What are your throughts on these numbers?
2 Replies
Mary J.
Real Estate Agent from NH
posted 11 days ago
https://www.biggerpockets.com/...
Currently needs nothing, everything is new. Slate roof, vinyl siding. Maintenance should be low on this for years. These numbers are with adding a meter for the water to charge back to tenants. What do you all think? Curious from a cashflow investors perspective. Wasn't too sure about the rate, as that can vary.
Tim Herman
from North Dakota
replied 11 days ago
@Mary J. just because everything is new doesn't mean there are no expense. Have you run a capex budget? Mine includes roof, floors, appliances, hot water heater, hvac, bath and kitchen remodel, etc. All of those items have a finite time. I use 10 years for floors unless carpet then only 5 years as lifetime. Assume 1000 sf of flooring brand new the day you buy it. My area it costs $6 sf to replace with a moderate lvp. $6000/10 year life span/12 months in a year=$50 per month for 1 item in a capex budget. You are only saving $36 per month. Guess where the rest of the money will come from, your pocket. I use 10% capex.

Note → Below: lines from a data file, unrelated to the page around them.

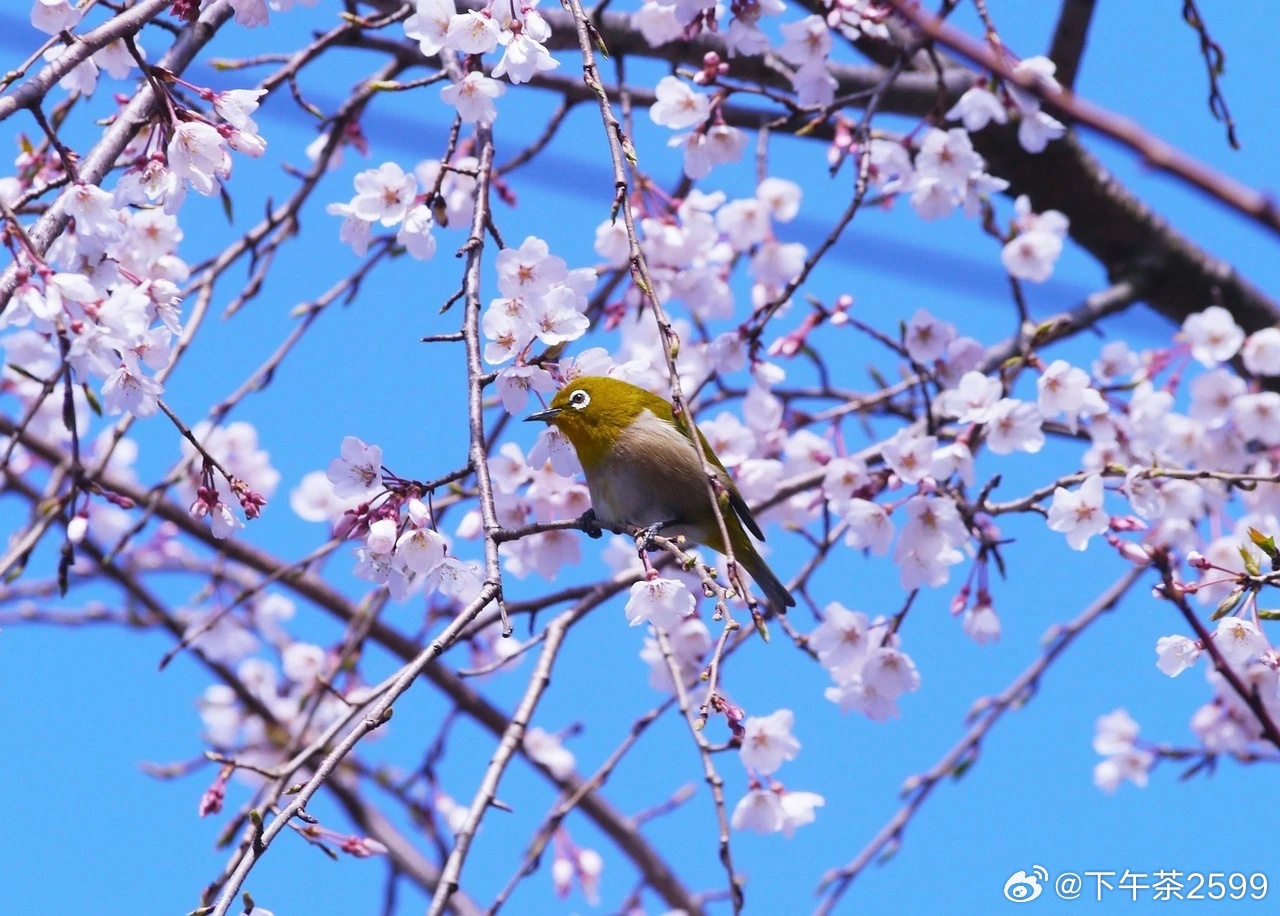 你好最美四月天“四月，不如说是肆月，花肆意地开，迎风肆意奔跑。”走在四月的路上，
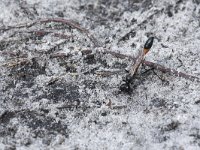 Ammophila sabulosa 45, Grote rupsendoder, Saxifraga-Willem van Kruijsbergen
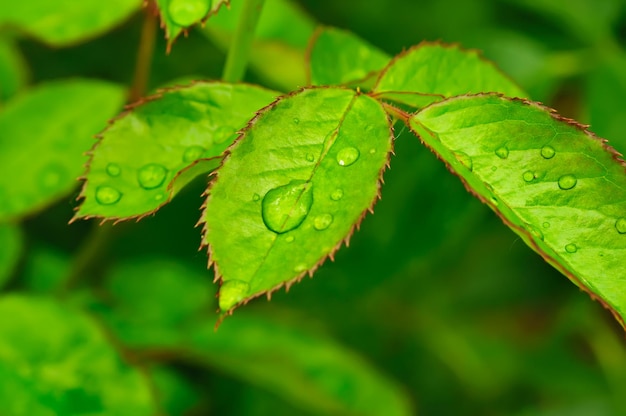 Grünes Blatt mit Wasser lässt Makronaturhintergrund fallen
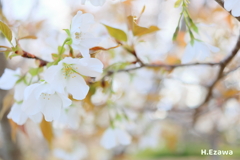 白い山桜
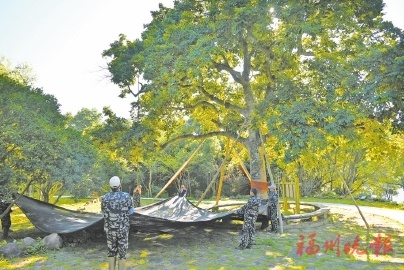 200年橄榄古树的秘密：鲤鱼洲酒店的果实采摘现场揭秘  第1张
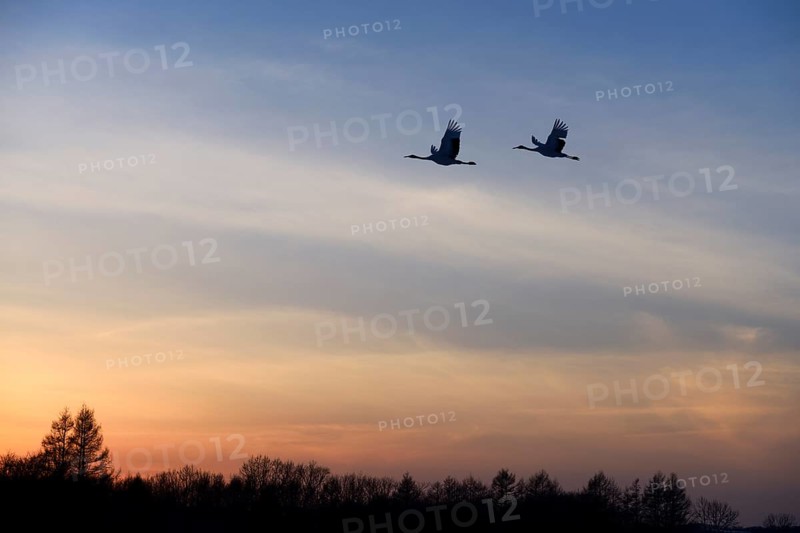 Red-crowned Cranes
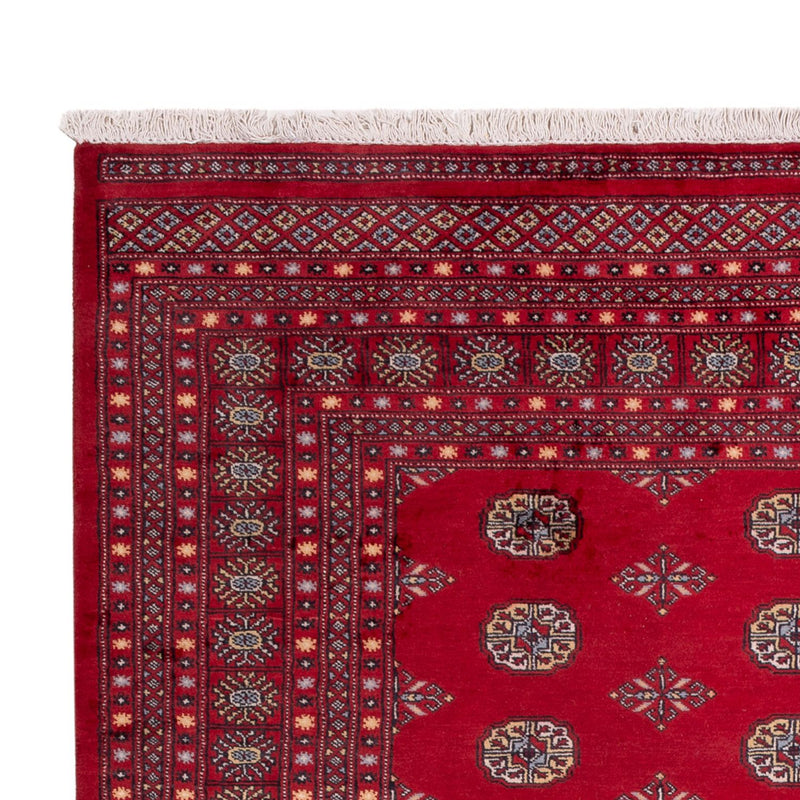 Afghan Teppich - Buchara - 307 x 202 cm - rot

A 3% vacancy factor is the same as your tenant staying for 33 1/3 months. I use 8% or 1 turnover per year. If you ever have to evict it will take a couple of months unless there is a moratorium like now. If you go 6 months before you get paid your next tenant will have to stay 200 months to get back to 3% vacancy. 6/200=3/100.

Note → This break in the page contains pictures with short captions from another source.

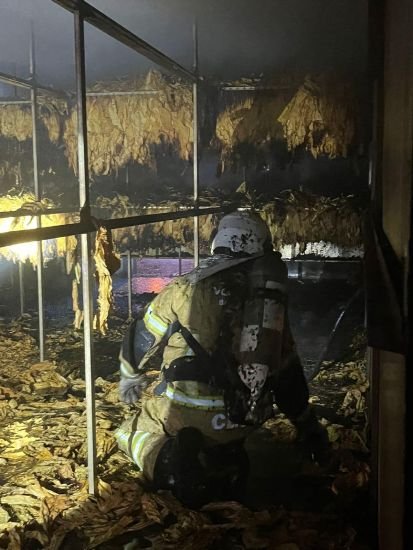 Estufa de fumo é atingida por incêndio em Treze de Maio Estufa de fumo é atingida por incêndio em Treze de Maio
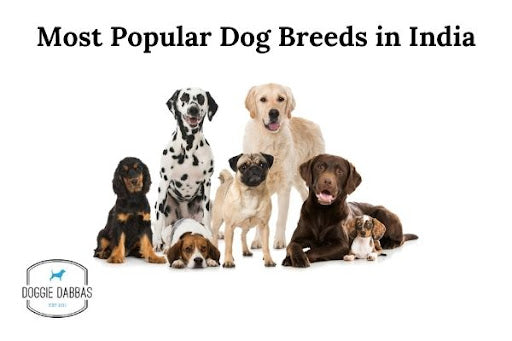 Most Por Dog Breeds In India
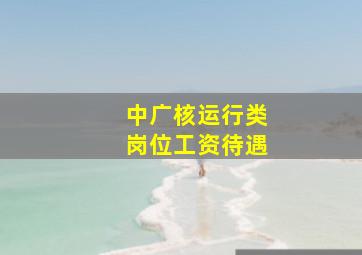 中广核运行类岗位工资待遇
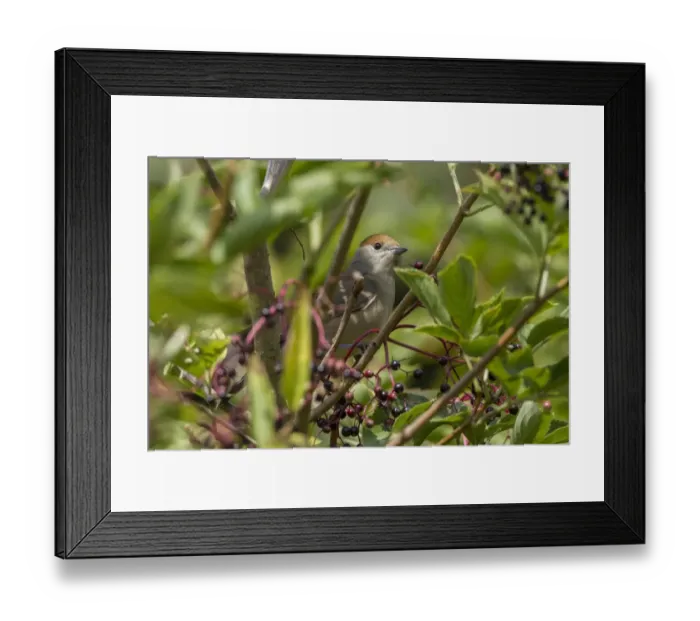 Framed Print : Blackcap in Elderberry tree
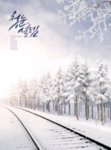 雪景 雪后 飘雪 雪后树林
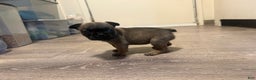 French Bulldog dogs for sale: French Bulldog Puppy 3 - Ad 1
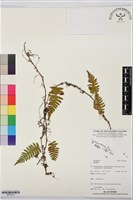 登錄號:BP03573藏品圖，第1張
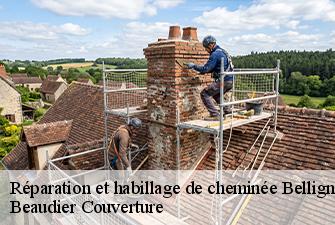 Réparation et habillage de cheminée  bellignat-01810 Beaudier Couverture 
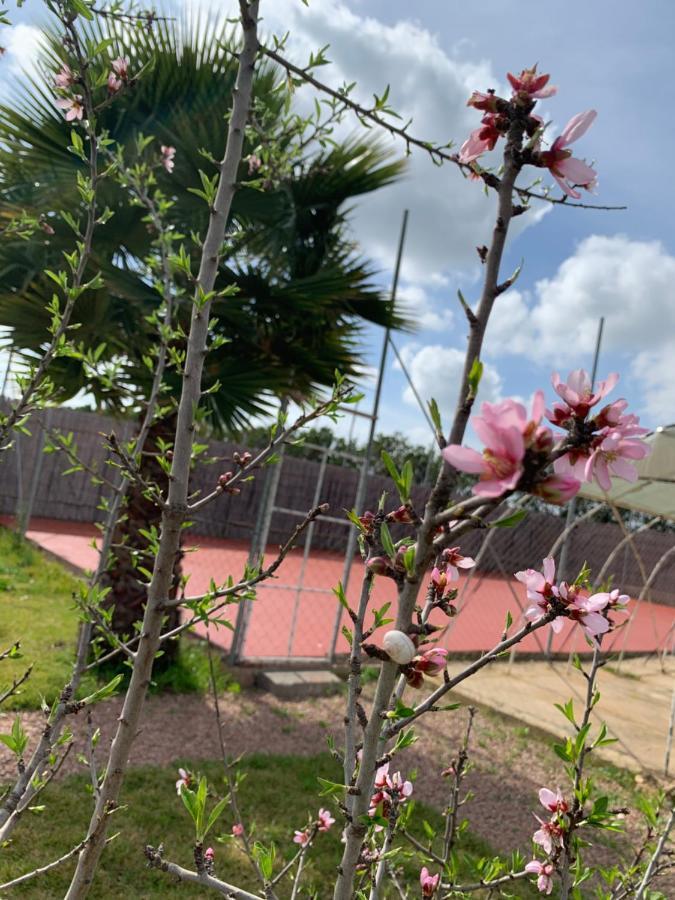 Palm Grove Farm Villa Tit Mellil ภายนอก รูปภาพ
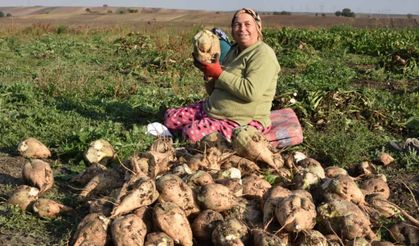 Şeker sektörünün 'kritik' sözlüğü: A, B, C kotaları ve perde arkasındaki gerçekler!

You have no repair budget. I use 5% or $50 per month whatever is higher. I have 1 to 2 service calls per year. My average cost is $150. It still allows me to save money to pay to paint between tenants.
You should include property management even if you self manage now. You want to be a deal finder not a PM. It might be a little better than what the cash flow shows at 50% expenses.
Craig Dieterich
replied 11 days ago
It doesn't meet the 1% rule as far as a cashflow property. It would need to rent for at least $2000/mo, and that's the bare minimum. If you don't care about cashflow and this is a property that you feel is in a growing area and sure to appreciate, or a property you see yourself living in down the road and just want to get some renters in there to pay the mortgage down, then cool. But from strictly a cashflow property, I don't see this working.